Ingredients

How to make it

  • 1. Preheat oven to 350 degrees F. Generously spread margarine over the bottom and 1-1/2 inches up the sides of a 9-inch springform pan. Reserve 1 or 2 tablespoons of the ground nuts. Set aside. Sprinkle remaining nuts evenly in pan.
  • 2. In a medium mixing bowl beat the egg yolks with an electric mixer on high speed for 5 minutes or until thick and lemon-colored.

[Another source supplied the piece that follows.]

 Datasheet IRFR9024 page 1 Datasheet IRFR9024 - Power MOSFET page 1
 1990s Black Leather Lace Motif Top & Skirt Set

  • 3. Gradually beat in 1/4 cup of the granulated sugar until eggs are slightly thickened. At low speed, beat in the melted chocolate. Dissolve instant espresso or coffee crystals in the 2 tablespoons of hot water. Stir into chocolate mixture.
  • 4. In a large mixing bowl, beat egg whites until soft peaks form. Gradually add the remaining 1/4 cup granulated sugar; beat until stiff peaks form. Gently fold egg whites into yolk mixture. Spread evenly in springform pan.
  • 5. Bake 20 to 25 minutes or until set. Cool on wire rack 15 minutes. (Center will dip on cooling and crust edges will be crumbly.)
  • 6. Using a thin metal spatula, loosen torte from the sides of the pan. Remove sides of the pan; cool torte completely. Serve immediately or cover and chill for up to 24 hours. If chilled, allow torte to stand at room temperature for 15 minutes before serving.
  • 7. To serve, cut torte into wedges and place on dessert plates. Sift powdered sugar and sprinkle reserved ground nuts over each serving. Garnish with chocolate curls. Makes 10 servings.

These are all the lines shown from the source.